The Ministry of Home Affairs has asked West Bengal governor Jagdeep Dhankar for a report on the law and order situation in the state, which witnessed violence in the aftermath of the Trinamool Congress’ victory in the assembly election. It had earlier sought a report from the state government but received no response. Several houses and shops belonging to Bharatiya Janata Party workers and leaders were reportedly attacked, so much so that the governor advised Chief Minister Mamata Banerjee, soon after the swearing-in ceremony, to urgently attend to the issue of raging post-poll violence in Bengal.
Ideally, one of the first things Mamata Banerjee should have done after taking charge of the state is to forget and forgive the immediate past and get down to fighting the bigger adversary, the Covid-19 pandemic.

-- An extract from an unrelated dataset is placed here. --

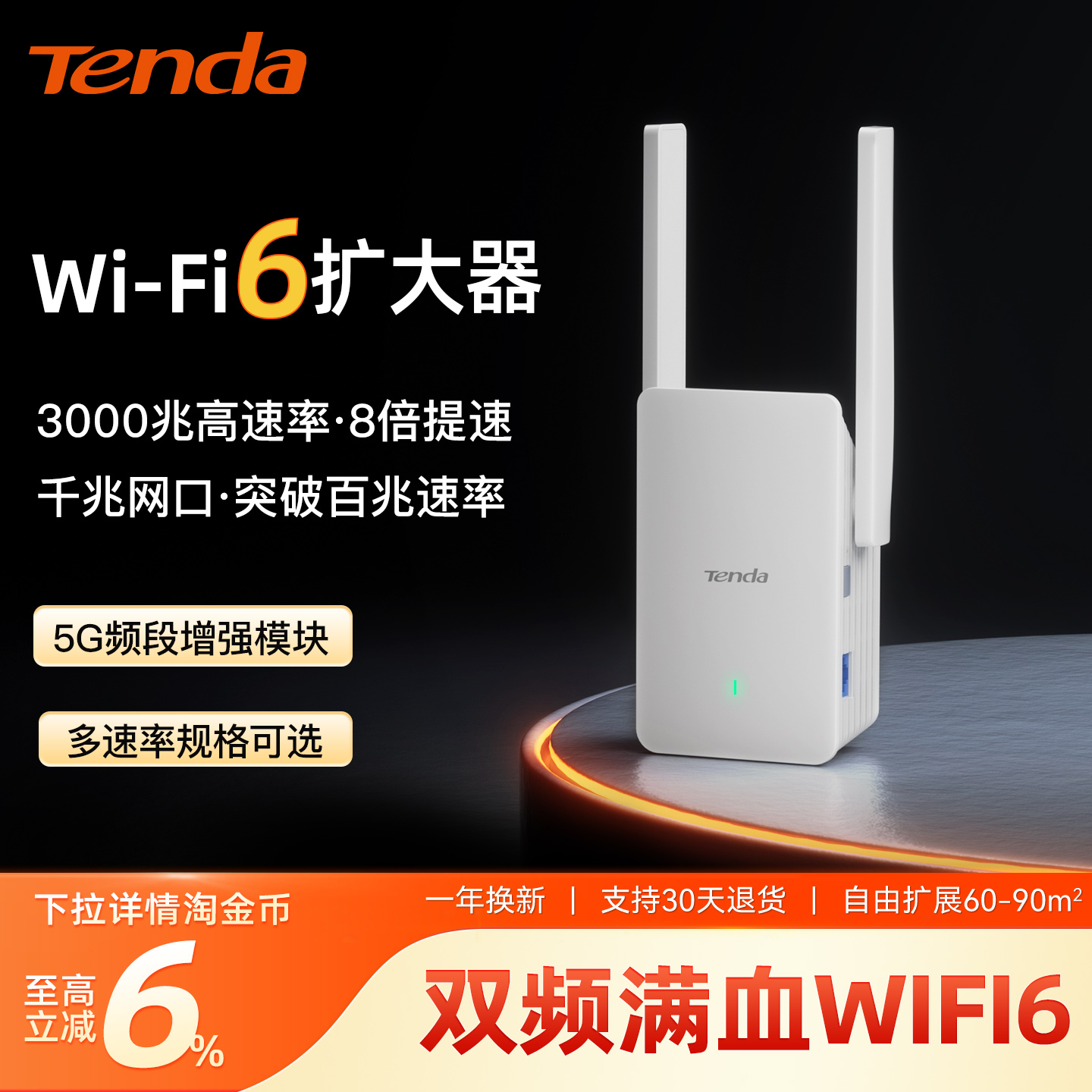 [双频WiFi6]腾达3000M扩大器5G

But her first decision, as claimed by governor Dhankar, was to order not to send any report about the violence to him. This clearly indicates her preference to adopt a confrontationist stand against the Centre. And the BJP should have seen it coming, given the acrimonious election, which has become an unfortunate norm in Indian politics.
A number of BJP candidates who contested this election were new faces and not fully oriented in the peculiar ‘Bengal political culture’. It was, therefore, naïve on their part to have expected a peaceful post-poll situation in West Bengal. Many of them have promptly returned to the safety and comfort of their homes in Delhi or elsewhere. Some of them are active on social media and have condemned the ongoing violence in places that were their constituencies till about a week ago.
They should have stayed back and assured their voters and supporters of protection and safety. It is not too late even now for these ‘parachuted leaders’ to rush to their constituencies and be among the people. But many of them seem content with holding dharnas outside West Bengal and hogging the limelight.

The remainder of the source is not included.